The Green Hornet, OTOH, doesn't just wear a mask but also creates a criminal persona in order to lure gangsters into his web.  This puts the hero at permanent odds with the authorities, and apparently the hero's willing to suffer these slings and arrows, perhaps having faith in his superior (albeit merely uncanny) technology: the super-fast car "the Black Beauty" and his special knockout-gas gun.  He like the Ranger also has a partner/confidante, his Korean driver Kato, but Kato doesn't get much action in this serial.  In one scene where Kato knocks out a crook, the polite Asian apologizes afterward.  The Hornet, played by hefty Gordon Jones, looks impressive in his frequent brawls with his opponents, all of whom are mundane racketeers with no great distinction.


To be sure, the actual adventures of the Hornet are no more "pessimistic" than were those of early Batman.  However, in this serial the Hornet's origin suggests an emotional tone not unlike the Caped Crusader's survivor-guilt.  In the first episode, newspaper manager Britt Reid-- who is carrying on the newspaper inherited from his father, implicitly still alive but retired-- doesn't listen to advice suggesting that he should investigate racketeer influence at a local mining-operation.  Shortly after this bit of negligence on his part, a mine collapses and kills several miners because racketeers supplied substandard building materials.  Immediately after this, Reid decides to launch a personal crusade against crime as the Green Hornet.

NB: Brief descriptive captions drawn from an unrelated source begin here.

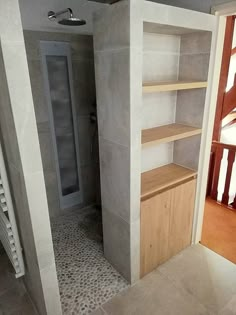 a walk in shower sitting next to a wooden shelf on top of a tiled floor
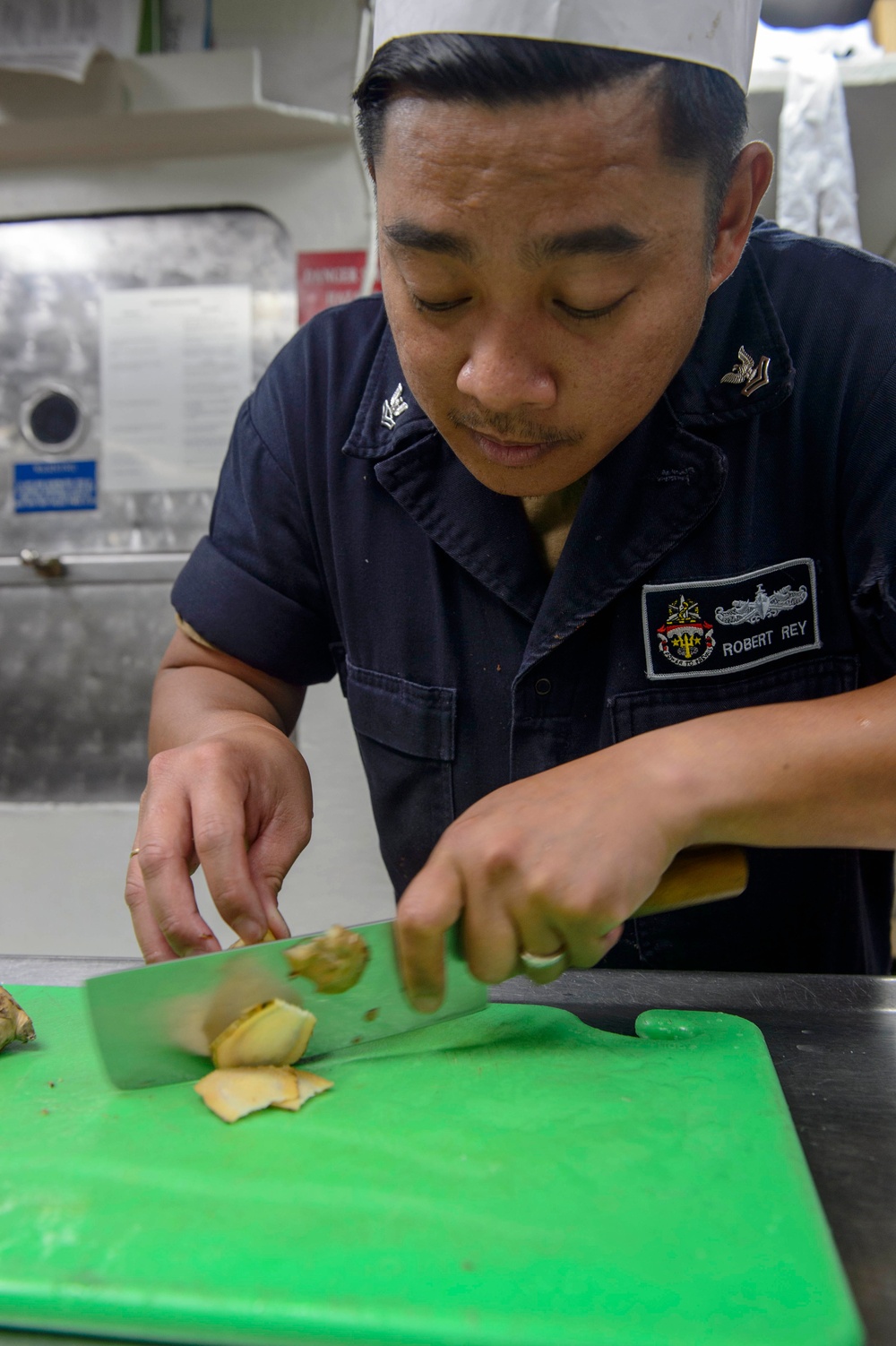 USS Antietam (CG 54) Sailor prepares food in the ship’s galley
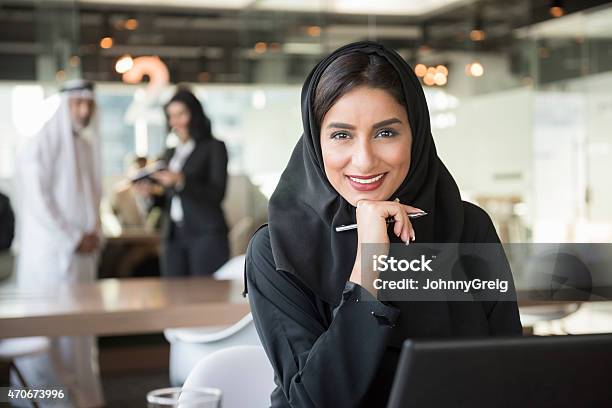 Photo libre de droit de Souriant Arab Femme Daffaires Tenant Le Stylo Dans Le Bureau banque d'images et plus d'images libres de droit de Émirats Arabes Unis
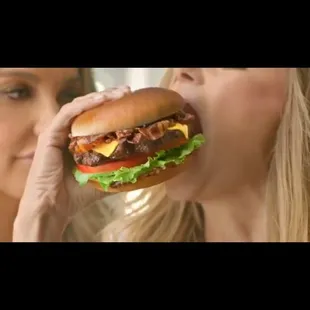 a woman eating a hamburger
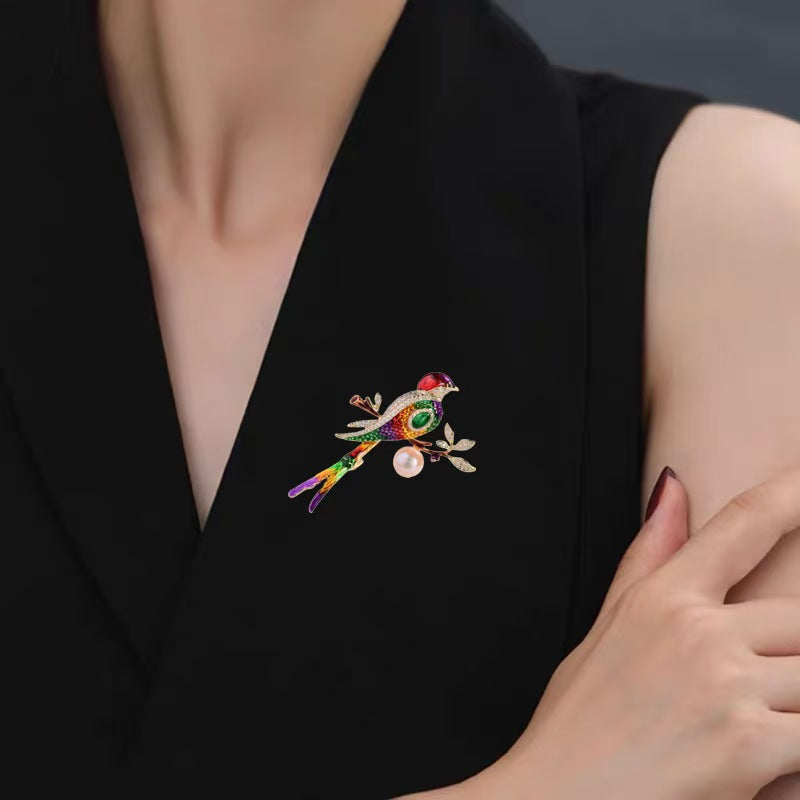 Magpie jewelry worn on a woman's dress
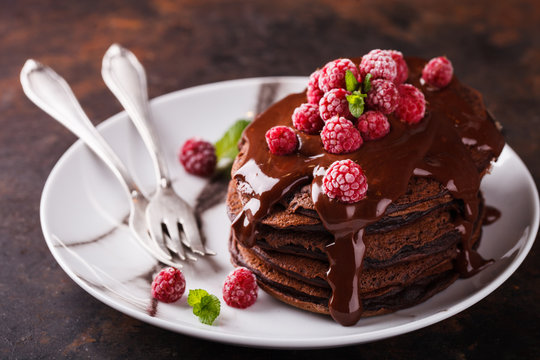 Chocolate pancake with chocolate glaze,raspberries and mint.selective focus
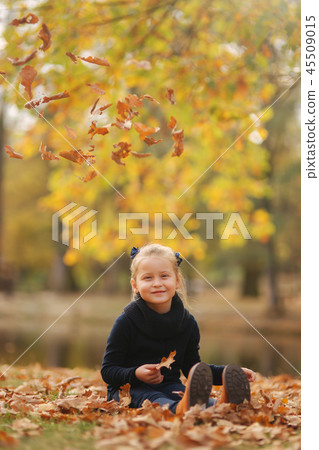 Beautiful young girl sist in leaves and throws them up. Colorful background. Happy little girl smile 45509015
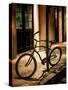 Bicycle Leaning Against Post in USA-Jody Miller-Stretched Canvas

What's interesting is that though the script sets up the potential for the hero to be grief-stricken by his culpability, the serial avoids any direct admission of Britt Reid's guilt.  The Hornet's quest isn't seen in terms of compensation; it's just something any decent man would wish to do. Still, there's a mild similarity in the serial's origin-story to that of a much later arthropod hero, the Amazing Spider-Man-- though the later hero loses a person dear to him due to his negligence, while the nascent Hornet's neglect only costs the lives of men the publisher does not know. Still, it's significant that the Hornet is born out of guilt and a failure to emulate his paternal ideal, as his secretary repeatedly emphasizes to Reid.  The deeper motive is dropped almost as soon as it is raised, just as the adventures of Batman rarely returned to the scene of that character's inner trauma. External action ruled the ethos of the day in adventure-fiction, but it could be said that the Hornet, unlike his more optimistic predecessor the Ranger, suggests the way things would evolve down the superhero road.


I should add that there's one major thematic difference between the origins of the Lone Ranger and of Superman: John Reid is severely wounded by the ambush of his posse of Texas Rangers, while little Kal-L isn't even aware of what's going on when he's rocketed clear of the dying planet Krypton.  However, the upshot of both characters' isolation from their ingroup are de-personalized by the way both become virtual icons.  The Ranger becomes bonded to a Native American and both become a symbol of mythic brotherhood, with Reid's wounding and even his history quickly forgotten.  Superman is bonded to the people of Earth as their angelic protector, and he goes through ten years of adventures before he feels any anguish about Krypton's demise.  The Green Hornet and Batman have their mythic aspects as well, but there's less of a sense that they are myths made flesh; their mundane lives are never entirely obliterated by their heroic roles.